Genç ve güzel kadın, bu sözleri söylerken gururlanıyordu. Çünkü Tassalonika, tarihin kaydettiği en büyük kumandan ve İmparatorlardan biri olan İskender’in (M.Ö. 356-323) kız kardeşiydi.
Aradan yy’lar geçti. Bölge uzun yıllar Bizans’ın egemenliğinde kaldı. Analar bu şehirde tarihe şan veren büyük ve yiğit asker doğurmadılar. 29mart1430′da son fetihle bir Türk kenti haline getirilen Tassalonika, Selanik adını aldı. Aradan 451yıl geçti. Tarihi bir olay daha oldu.

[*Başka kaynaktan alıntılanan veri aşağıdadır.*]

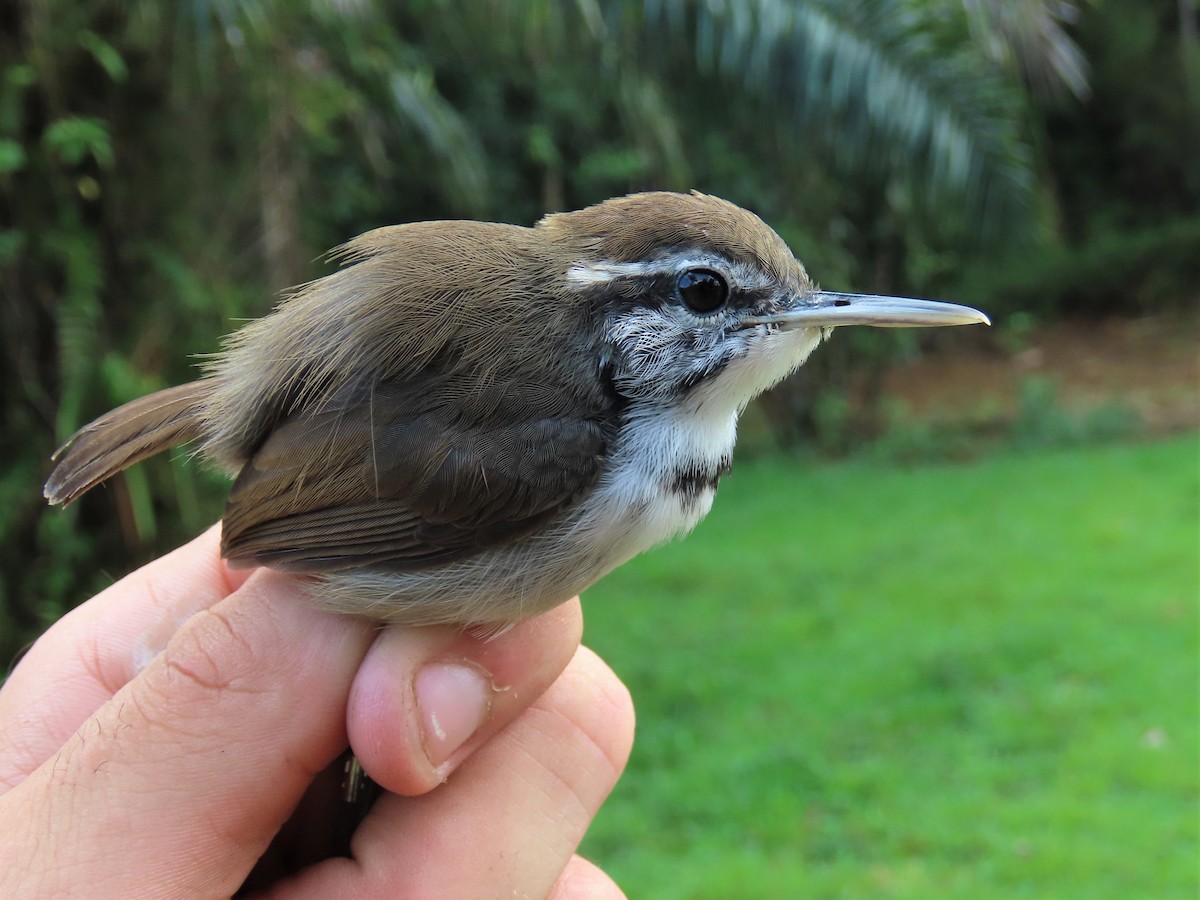 Collared Gnatwren - ML569458321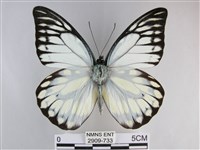 鋸粉蝶藏品圖，第1張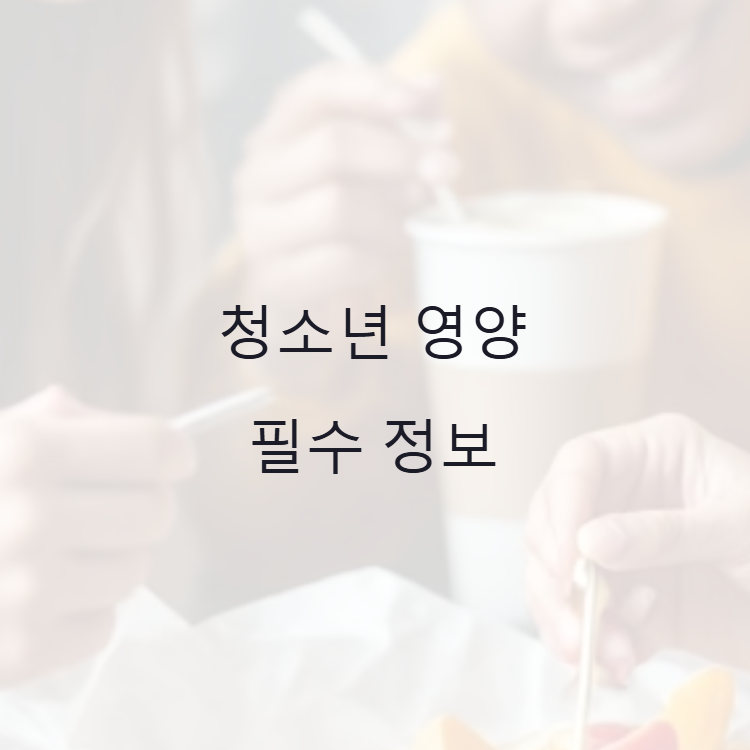 청소년 영양 필수 정보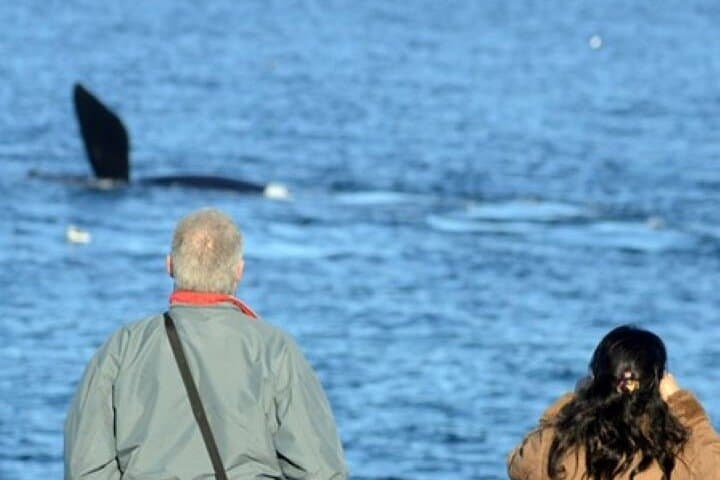 Playa El Doradillo Whale Watching: Land-Based Southern Right Whale Viewing Near Puerto Madryn photo 2
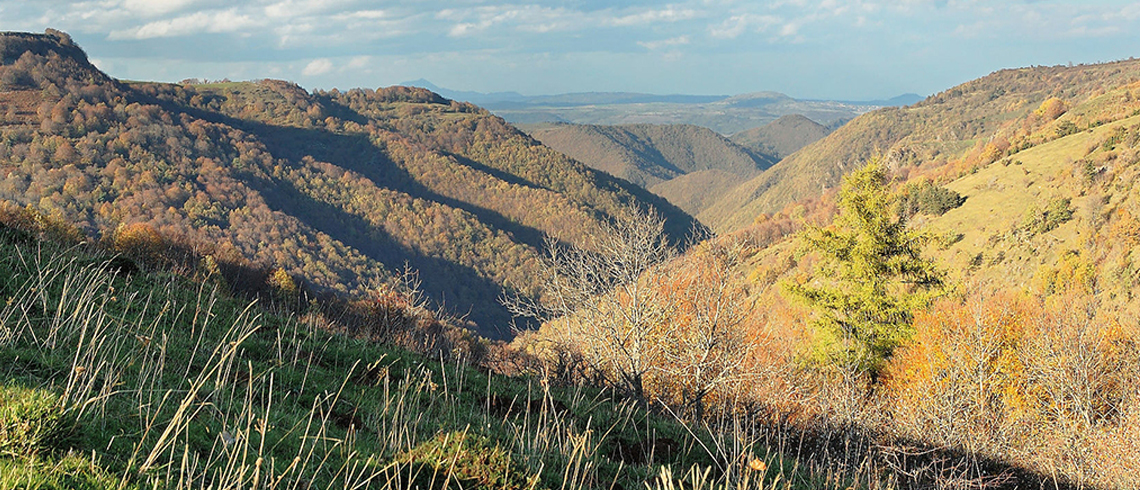 L'Artisan immobilier Auvergne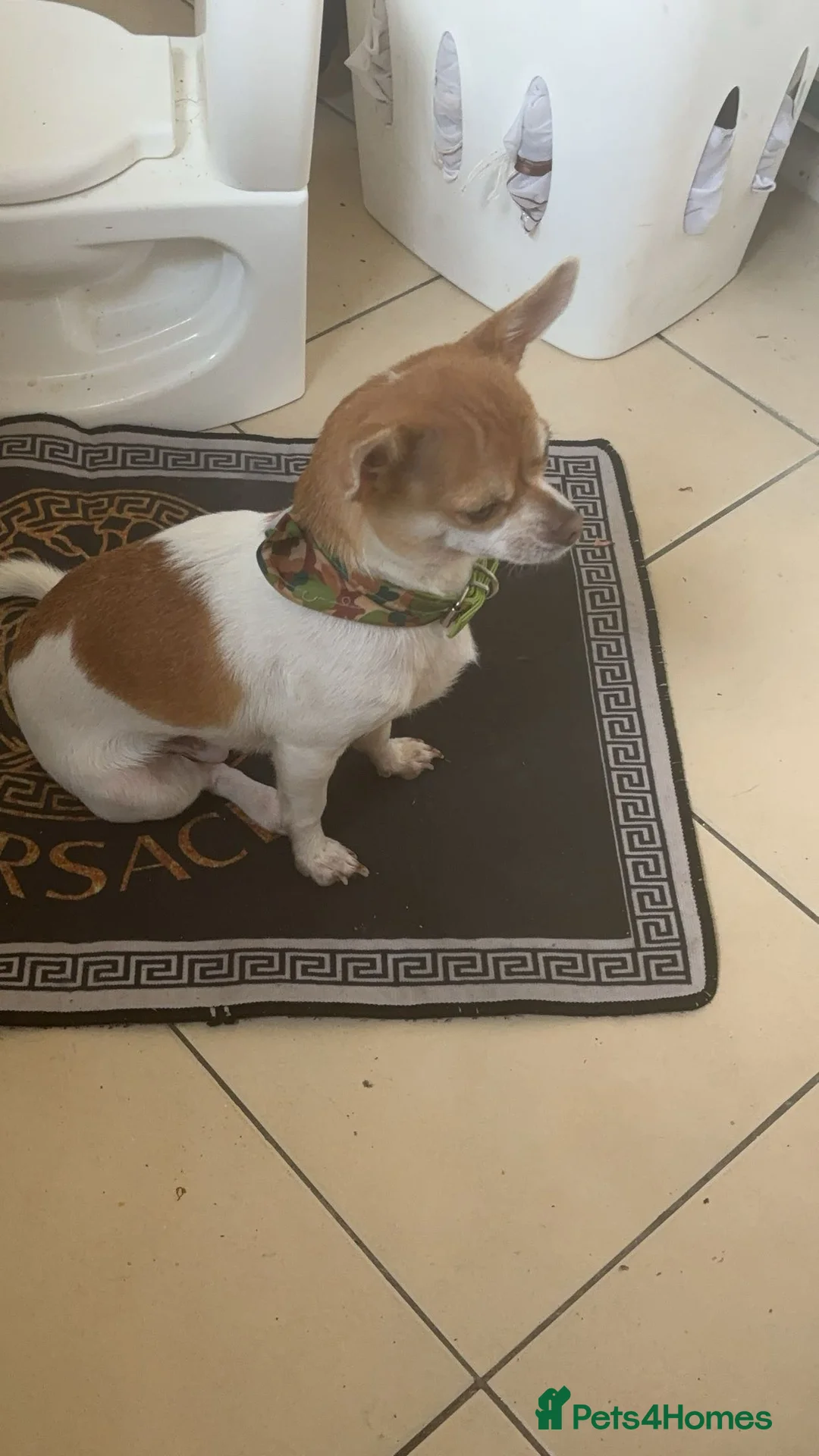 Chihuahua dogs for sale: Masha in Dover - Advert 1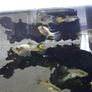 Guppies Image 2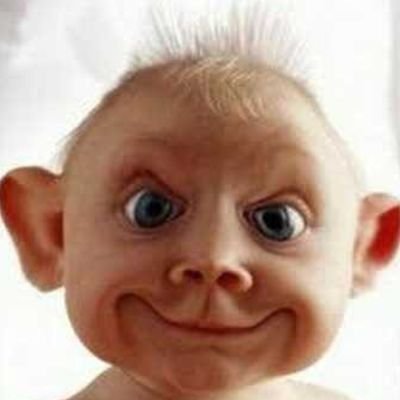 Profile Picture of Peter Hulbert (@Peterhulbert195) on Twitter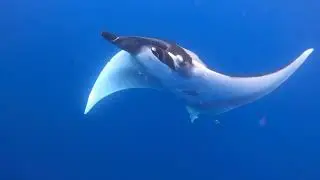 Satellite Tagging NZ Oceanic Manta Rays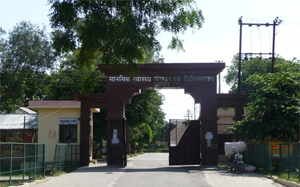 mental hospital agra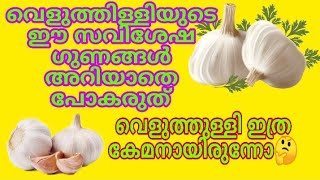 The benefits ofgarlic / വെളുത്തുള്ളിയുടെ ഈ ഗുണങ്ങൾ അറിയാതെ പോകരുത്. വെളുത്തുള്ളി ഇത്ര കേമനായിരുന്നോ🤔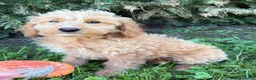Cockapoo dogs for sale: Jace - Ad 2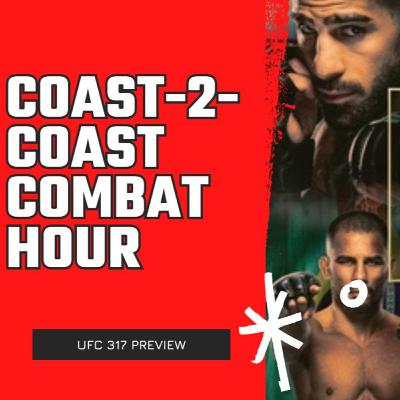 UFC 317 Preview
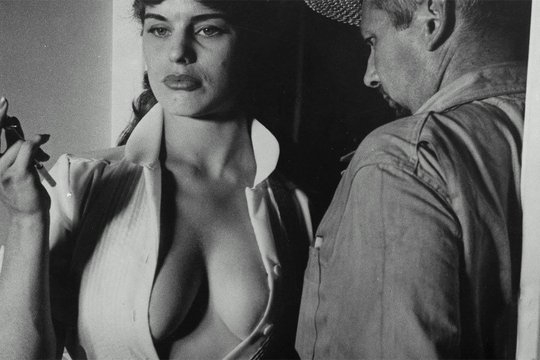 Der unmoralische Mr. Teas - Szenenbild 2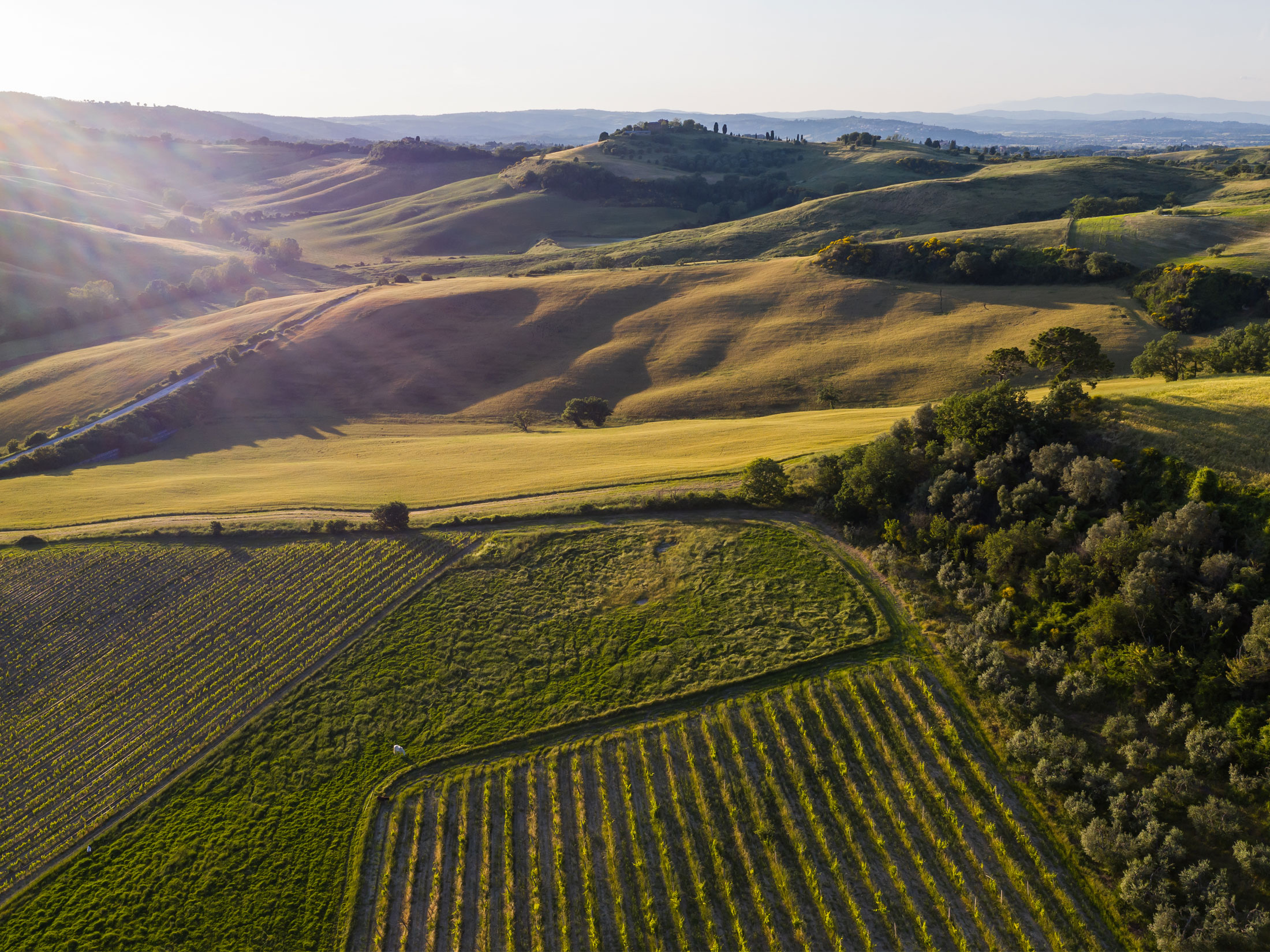 Pretty Hotels: Follonico (Image 13)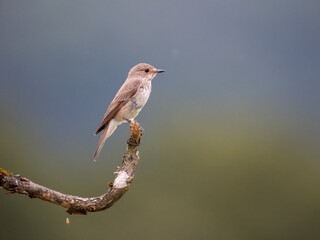 Grauschnäpper (Muscicapa striata)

1881yılında Selanik’te güçlü bir beden yapısına sahip olduğu gibi güçlü bir iradeye de sahip olan Türk anası, güzel, gürbüz olduğu kadar yiğit de olan bir erkek çocuk dünyaya getirdi. Adını Mustafa koydular.
Yalnız kendi ulusu için değil, diğer uluslara da örnek olacak, tarihe şan veren geleceğin Mustafa Kemal Atatürk’üydü bu.
0 yorum:
Bu yazımız hakkında
düşünce ve önerilerinizi lütfen bizimle paylaşın..!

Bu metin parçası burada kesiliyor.